Google announced an upcoming open-source benchmarking tool. PerfKit Benchmarker helps measure and compare cloud offerings along with Dataflow job tests.
Google defines Dataflow as a managed service that’s responsible for managing and executing an array of data processing patterns. It was launched in 2015, and its functions involve selecting tests, cleaning the cloud’s resources, executing benchmark analyses, gathering data and enabling actionable reporting.
Performance benchmarking is designed to make sure that the sizes of data pipelines are configured correctly and meet the predicted amount of data without exceeding cost budgets or reaching capacity limits.

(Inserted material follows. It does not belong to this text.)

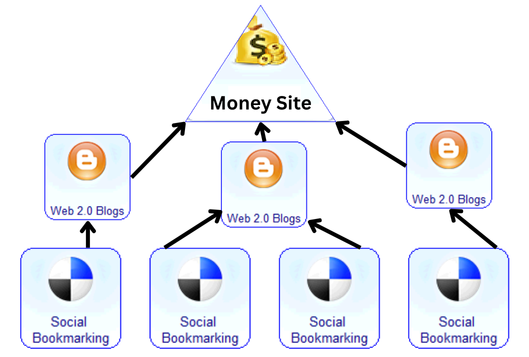 5000 DA Pa 90 Pyramid Backlinks Rank Your Site In Goo...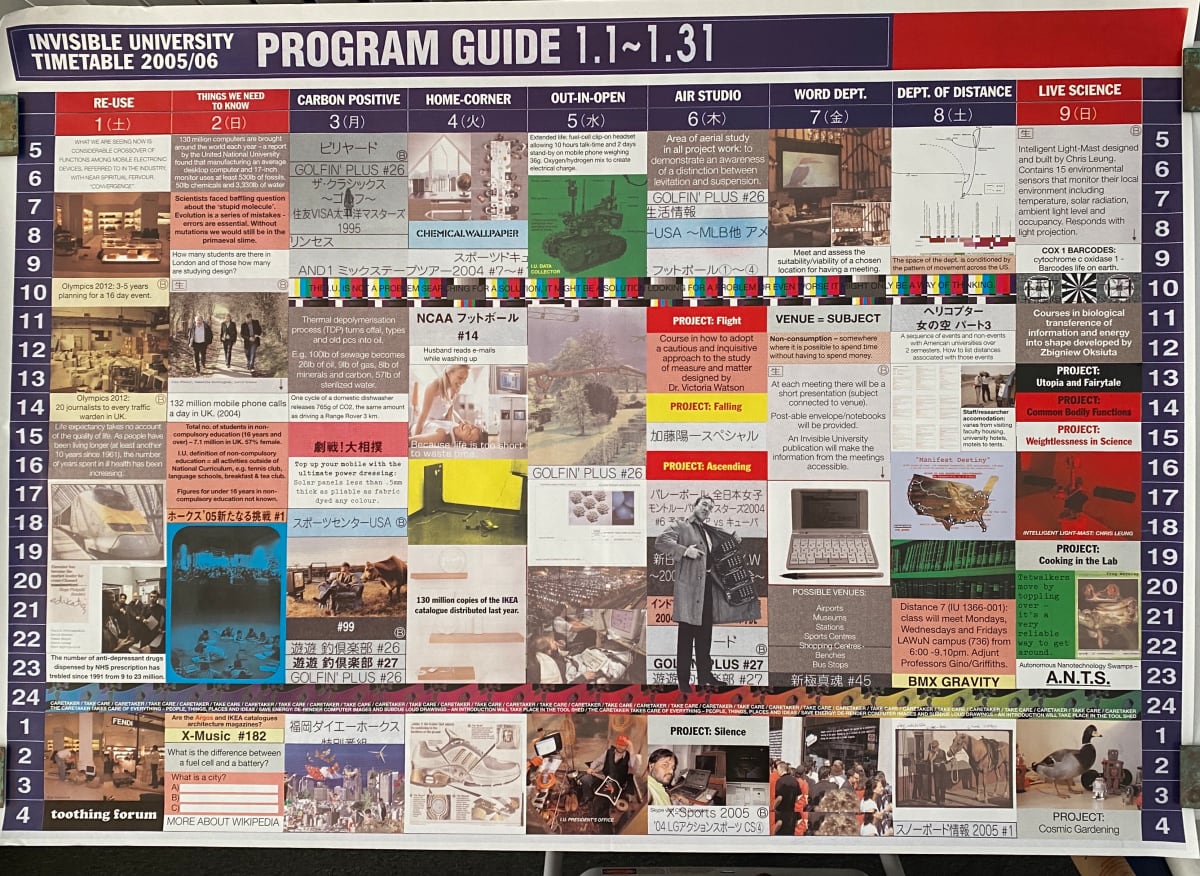 Invisible University Timetable 2005/06 Program Guide 1/1–1/31 by David Greene, Image 2.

How to use PerfKit Benchmarker
The PerfKit Benchmarker (PKB) doc has everything to help anyone interested in using PKB get started.
Individuals who are more into watching tutorials can take advantage of a series of videos focusing on the PerfKit Benchmarker setup process, different PKB commands and the process of visualizing a benchmarking test using Data Studio. Besides this, the repo comprises numerous examples of PerfKit Benchmarker configuration files that help execute a series of performance benchmarking tests.
Users opting for PerfKit Benchmarker have to replace their <MY_BUCKET> and <MY_PROJECT> instances in their GCP project and bucket. They must also create an input Pub/Sub subscription with their own version of the test data pre-provisioned. According to Google, the PerfKit Benchmarker can handle, store and restore snaps containing Pub/Sub subscriptions for every test run rehearsal.